RE: [PATCH 11/11] EDAC/ie31200: Switch Raptor Lake-S to interrupt mode
From: Zhuo, Qiuxu
Date: Sun Mar 02 2025 - 21:53:15 EST
Hi Tony,
> From: Luck, Tony <tony.luck@xxxxxxxxx>
> [...]
> Subject: RE: [PATCH 11/11] EDAC/ie31200: Switch Raptor Lake-S to interrupt
> mode
>
> > Raptor Lake-S SoCs notify memory errors via Machine Check. Add
> > interrupt mode support and switch Raptor Lake-S EDAC from polling to
> interrupt mode.
>
> Is this notification #MC (a.k.a. INT#18)? Or CMCI? Or #MC for uncorrected
> errors and CMCI for corrected errors?
We performed correctable error injection, and the correctable error events were
notified by CMCI.
> Corrected errors -> CMCI I can understand. This code should work well for
> that.
> Same for uncorrected patrol scrub errors -> CMCI.
>
> Other uncorrected errors -> #MC is trickier. Does Raptor Lake support
> recovery from other uncorrected errors? If it doesn't, then this driver handler
> will not be called (Linux panicked and never called the functions registered on
> the mce decode chain).
It seems like Raptor Lake doesn't support recovery from uncorrected errors.

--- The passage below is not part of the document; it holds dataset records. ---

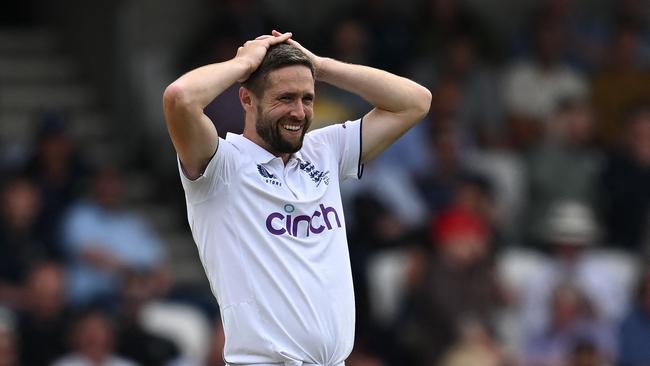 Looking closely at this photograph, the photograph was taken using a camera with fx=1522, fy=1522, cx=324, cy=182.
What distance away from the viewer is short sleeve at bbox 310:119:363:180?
19.3 ft

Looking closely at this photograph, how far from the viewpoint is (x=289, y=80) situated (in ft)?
17.8

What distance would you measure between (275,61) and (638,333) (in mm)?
5920

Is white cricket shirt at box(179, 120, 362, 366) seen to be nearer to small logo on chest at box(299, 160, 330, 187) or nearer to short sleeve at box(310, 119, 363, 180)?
small logo on chest at box(299, 160, 330, 187)

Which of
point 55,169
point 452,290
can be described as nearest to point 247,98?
point 452,290

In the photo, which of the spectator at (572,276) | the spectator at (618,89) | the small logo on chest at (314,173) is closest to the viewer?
the small logo on chest at (314,173)

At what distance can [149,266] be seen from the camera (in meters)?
10.5

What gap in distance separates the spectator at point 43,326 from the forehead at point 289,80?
187 inches

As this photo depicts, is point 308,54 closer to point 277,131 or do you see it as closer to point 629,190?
point 277,131

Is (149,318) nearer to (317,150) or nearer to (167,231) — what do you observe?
(167,231)

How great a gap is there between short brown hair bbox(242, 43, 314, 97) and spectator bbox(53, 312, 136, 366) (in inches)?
174

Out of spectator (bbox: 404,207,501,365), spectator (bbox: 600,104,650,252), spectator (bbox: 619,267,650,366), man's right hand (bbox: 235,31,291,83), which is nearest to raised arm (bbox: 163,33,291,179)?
man's right hand (bbox: 235,31,291,83)

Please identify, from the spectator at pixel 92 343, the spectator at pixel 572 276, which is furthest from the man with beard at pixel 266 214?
the spectator at pixel 572 276

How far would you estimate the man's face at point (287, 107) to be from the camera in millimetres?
5434

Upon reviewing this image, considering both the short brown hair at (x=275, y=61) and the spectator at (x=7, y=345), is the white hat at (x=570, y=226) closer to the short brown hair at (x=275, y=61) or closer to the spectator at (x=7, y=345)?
the spectator at (x=7, y=345) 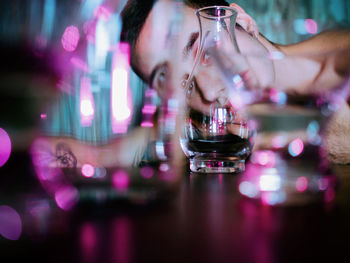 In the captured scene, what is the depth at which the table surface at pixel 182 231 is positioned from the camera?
0.16m

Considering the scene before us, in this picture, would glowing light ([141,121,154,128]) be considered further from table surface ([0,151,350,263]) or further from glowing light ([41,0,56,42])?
table surface ([0,151,350,263])

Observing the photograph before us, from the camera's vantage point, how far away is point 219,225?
23 cm

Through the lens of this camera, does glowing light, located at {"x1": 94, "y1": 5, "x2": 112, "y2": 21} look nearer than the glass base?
No

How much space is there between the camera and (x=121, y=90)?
896 mm

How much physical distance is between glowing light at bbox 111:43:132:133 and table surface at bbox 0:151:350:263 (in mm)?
559

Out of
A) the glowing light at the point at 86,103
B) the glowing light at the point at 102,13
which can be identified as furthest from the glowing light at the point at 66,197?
the glowing light at the point at 102,13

When performing the uncorrectable error injection testing, the system hung
(The validation team mentioned this was expected behavior).
>
> Which is perhaps a long way of asking whether you really mean:
>
> Raptor Lake-S SoCs notify memory errors via CMCI. Add interrupt
Yes, the correctable errors are via CMCI, not machine check. For uncorrectable errors,
the system is hung, and no callback to EDAC. I'll update this commit description in
the next version.
> mode support and switch Raptor Lake-S EDAC from polling to interrupt
> mode.
> [...]